Configuration by node type
The following table shows which SQL statements trigger automatic parsing and the format of the output or ancestor node name that DataWorks generates.
| Node type | SQL statement | What DataWorks adds | Output name format |
|---|---|---|---|
| ODPS node | CREATE, INSERT | Output | odps_project_name.table_name |
| ODPS node | SELECT | Ancestor node | project_name.table_name |
| SQL node (non-ODPS) | CREATE, INSERT, ALTER, UPDATE | Output | See the table below |
| SQL node (non-ODPS) | SELECT | Ancestor node | project_name.table_name |
| Batch synchronization node | All | Not supported | Manually configure scheduling dependencies |
Output name formats for non-ODPS SQL nodes:
| Engine | Format |
|---|---|
| E-MapReduce (EMR) | workspace_name.db_name.table_name |
| AnalyticDB for PostgreSQL | workspace_name.db_name.schema_name.table_name |
| AnalyticDB for MySQL | workspace_name.db_name.schema_name.table_name |
| Hologres | workspace_name.db_name.schema_name.table_name |
Name format components:
| Placeholder | Description |
|---|---|
odps_project_name |
The DataWorks workspace to which the ODPS node belongs |
project_name |
The workspace that owns the node generating the table |
workspace_name |
The DataWorks workspace to which the node belongs |
db_name |
The database to which the data is written |
schema_name |
The schema of the node |
table_name |
The name of the generated table |
Limitations
Automatic parsing does not apply in the following scenarios. In these cases, manually add the table to the node's Output.
Unsupported node types
Some node types do not support automatic parsing. For example, batch synchronization nodes and AnalyticDB for PostgreSQL nodes cannot use automatic parsing to configure scheduling dependencies. Tables generated by these nodes must be manually added to the node outputs.

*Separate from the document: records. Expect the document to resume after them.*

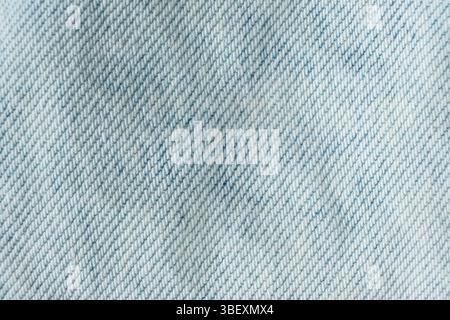 Macro Fabric Texture of Classic Light Blue Jeans Stock Photo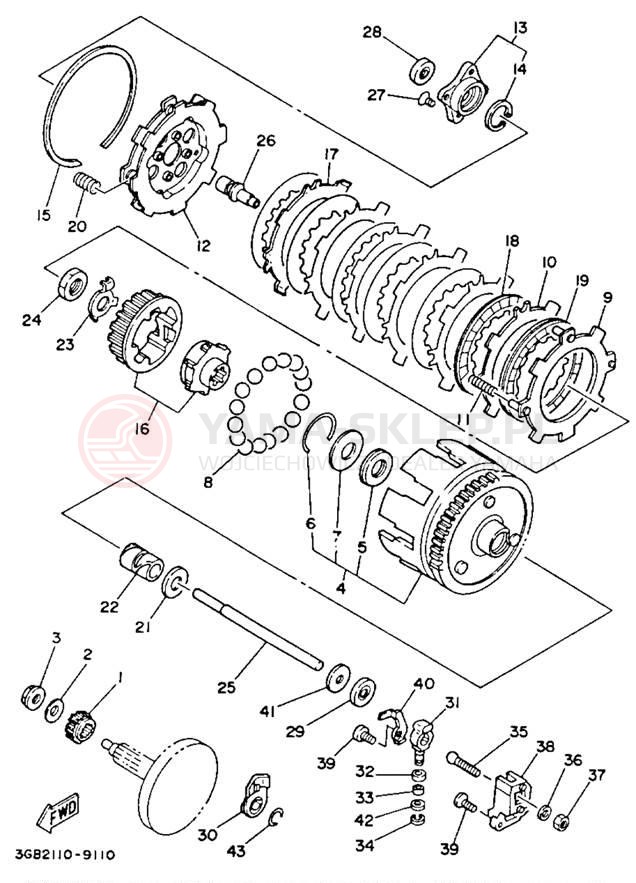 Schemat "sprzęgło" do Yamaha CHAMP YFM100B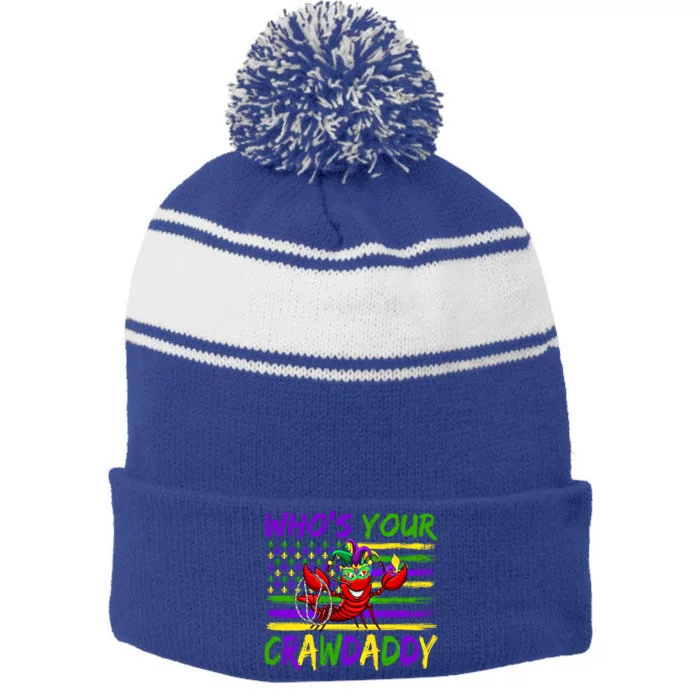 American Flag Whos Your Crawdaddy Crawfish Mardi Gras Gift Stripe Pom Pom Beanie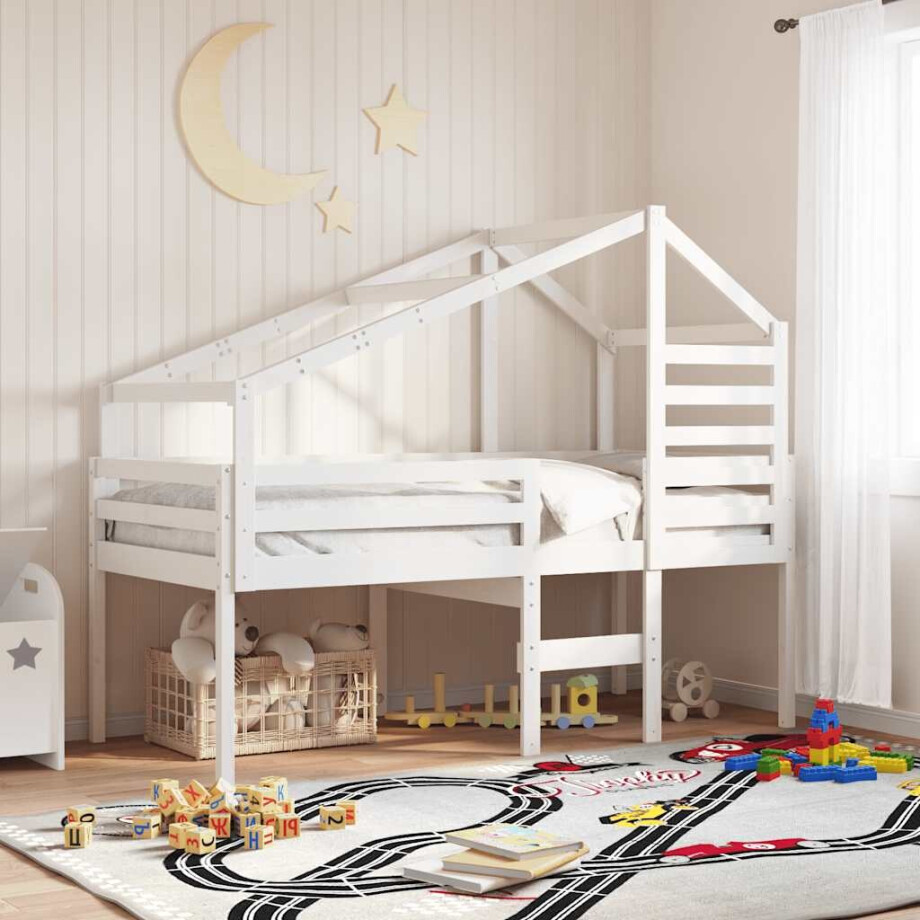 vidaXL Kinderbedhuisje 198x97x113 cm massief grenenhout wit afbeelding 1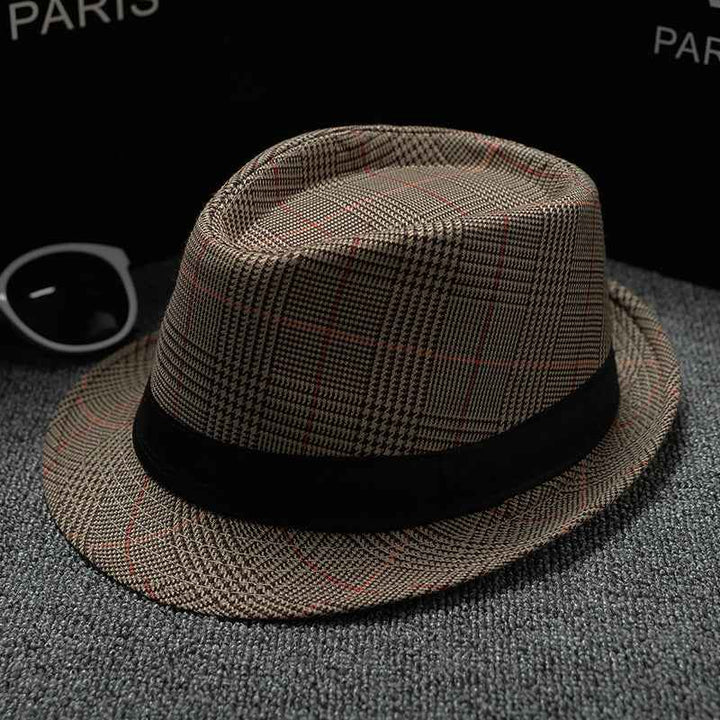 British Houndstooth Sun Hats for Men - Stylish European & American Outdoor Fashion Stripes Apricot 58cm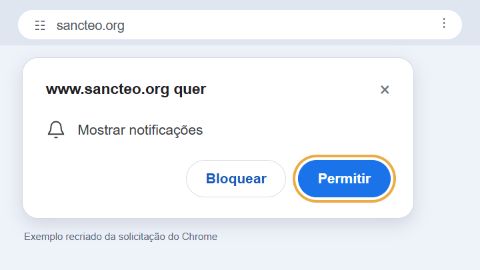 Exemplo recriado da solicitação do Chrome. Seu navegador vai pedir autorização para receber nossas novidades. Clique em “Permitir” nessa janela.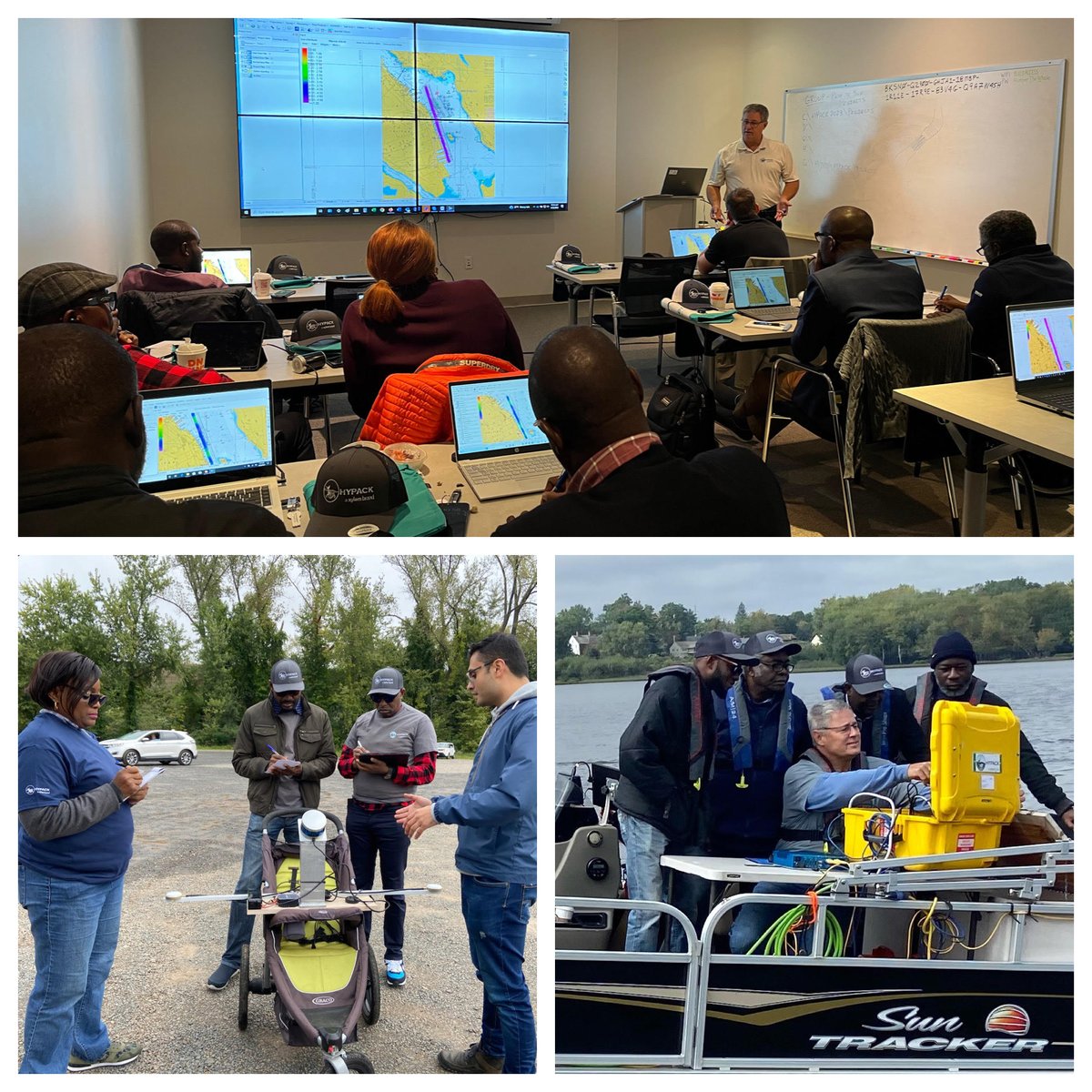 Attendees collected multibeam data from the Ping DSP &amp; learned how sound velocity differences between a cove &amp; a river can affect data. They also conducted a LiDAR demonstration, focusing on the elements involved in LiDAR systems and emphasizing data collection in vegetated areas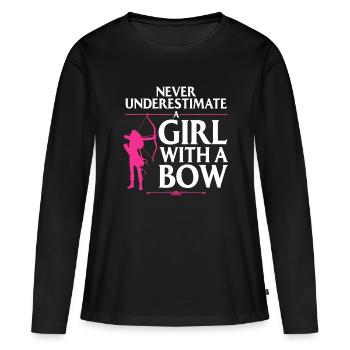 Conception de tir à l’arc amusante pour les filles femmes Bowhunter - T-shirt manches longues Premium bio Femme - noir - Devant - Julia (174cm)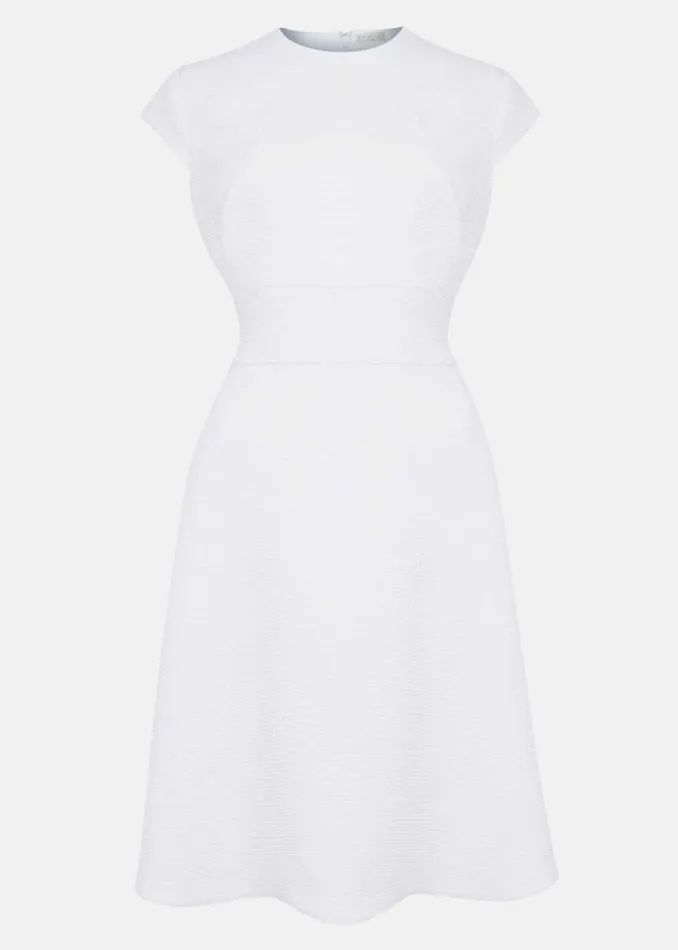 Norika Textured Dress White Women Phase Eight Dresses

To check whether a specific node type supports automatic parsing, open the node in the DataWorks console and inspect its configuration.
Temporary tables
Temporary tables created by SQL statements are not parsed automatically. For example, if your workspace treats tables with a t_ prefix as temporary tables, those tables cannot be automatically added to Output or Parent Nodes. Manually add them where required.
Tables generated by synchronization nodes
After a synchronization node generates a table, manually add the table as the node output in the projectname.tablename format. Once the output is added, descendant nodes that read from the table can use automatic parsing to configure their own scheduling dependencies.